Issue number one: we still have a destructive tendency to blame the victim. Make no mistake; these women are victims of slander, libel, defamation, malice, jealousy, spite, cowardice and inhumanity. Yet we will blame them without any real knowledge. After all, we like blaming the victim, whether it is in the case of domestic violence, drug addiction or sexual crimes; we are far too willing to look at how the victim should have behaved to prevent the misfortune. Perhaps she shouldn’t have complained so much, she needed to be put on her place, he tried too hard to be cool, she shouldn’t have worn such tight clothes. While preventative measures are well-advised in general, to shift blame from the criminal to the victim is absurd. As if we should all just curtail our legally sanctioned liberties because bullies and criminals can’t control themselves, we cannot be held hostage. We have just emerged from an extensive campaign to stop sexual violence against women and children. Yet it feels like we have taken a huge step back.

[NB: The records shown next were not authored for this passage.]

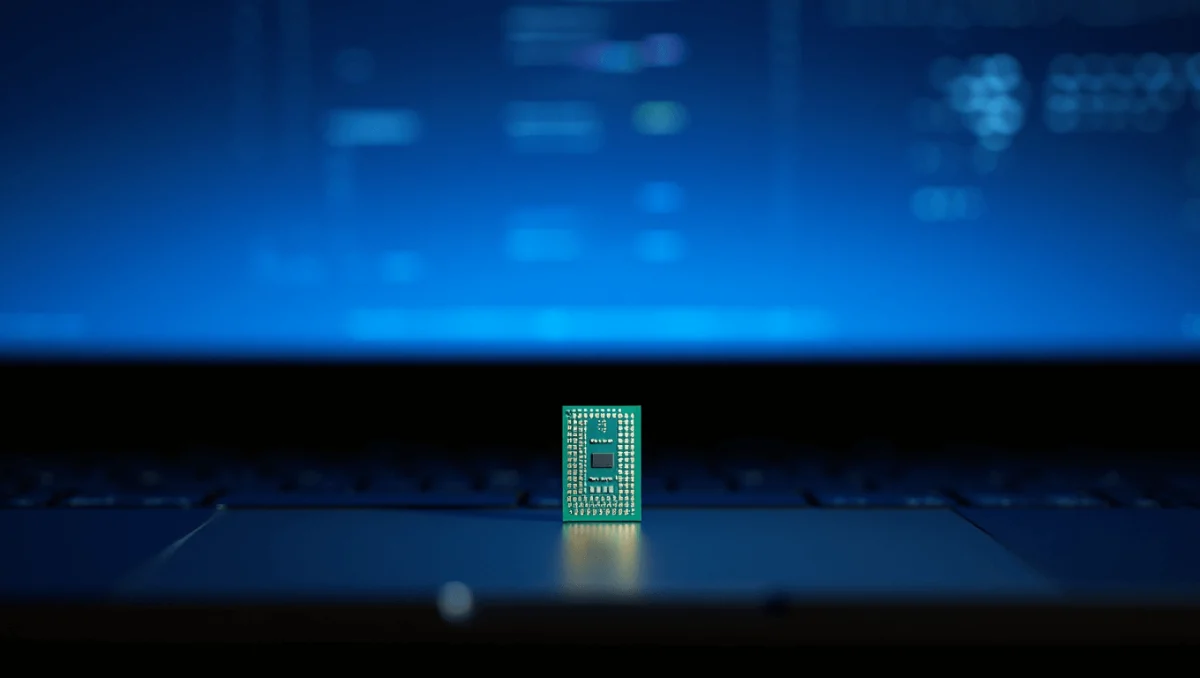 mediatek dimensity 7100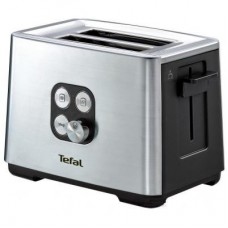 Тостер TEFAL TT420D (TT420D30) Тостер TEFAL TT420D (TT420D30)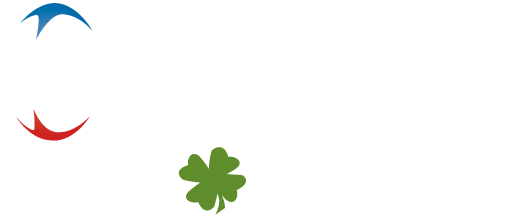 O'Brien Rugby Store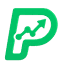 propsmadeeasy.com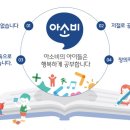 고산하늘초등학교 이미지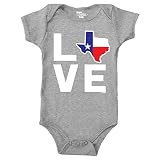 Tcombo SHIRT ベビー・ボーイズ US サイズ: 6 Months カラー: グレー
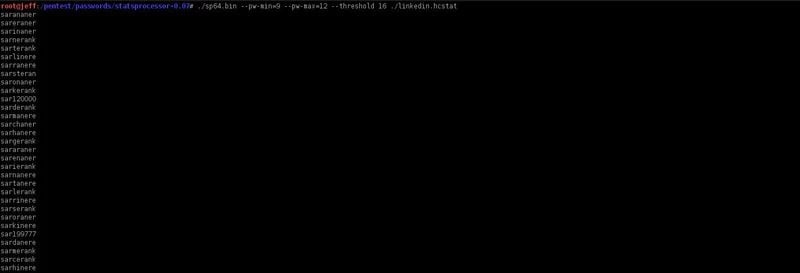 9202_4e2c3968-b321-4529-9a4a-b9c23e276ce0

Issue number two: double standards on decency. I would love to know why women are expected to maintain a higher standard of integrity than men, and if they don’t, they are bullied by both men and other women. Why do the crimes against decency perpetrated by women deserve to be ‘exposed’, when equal or worse crimes perpetrated by men go unpunished, sometimes applauded? Are we na├»ve enough to believe that those pictures were not in some way solicited? By emotional blackmail, reciprocation, lies? I think a much more extensive page would result if one scornful woman decided to populate it under the title ‘exposing young men in Cape Town’. A few years ago there was a spate of local sex videos doing the rounds. The reputations of many women were irreparably ruined, yet the men remained anonymous. They were often behind the camera, they were often one half of the act, they were often the instigators. Yet their reputations remained intact.

I hear the familiar ‘that’s just how it is’, and I cannot accept that. That is what the Germans accepted as millions of Jews were slaughtered in WWII. That is what many people of colour accepted as the Apartheid regime withheld their basic human rights. That is what we are accepting now as our society drowns in oppressive patriarchy and abuse of our women and children. We have to show zero tolerance to these misogynistic chauvinists. It is not okay to degrade the dignity of another person. We must stop going backwards in our humanity. Expose the real criminals.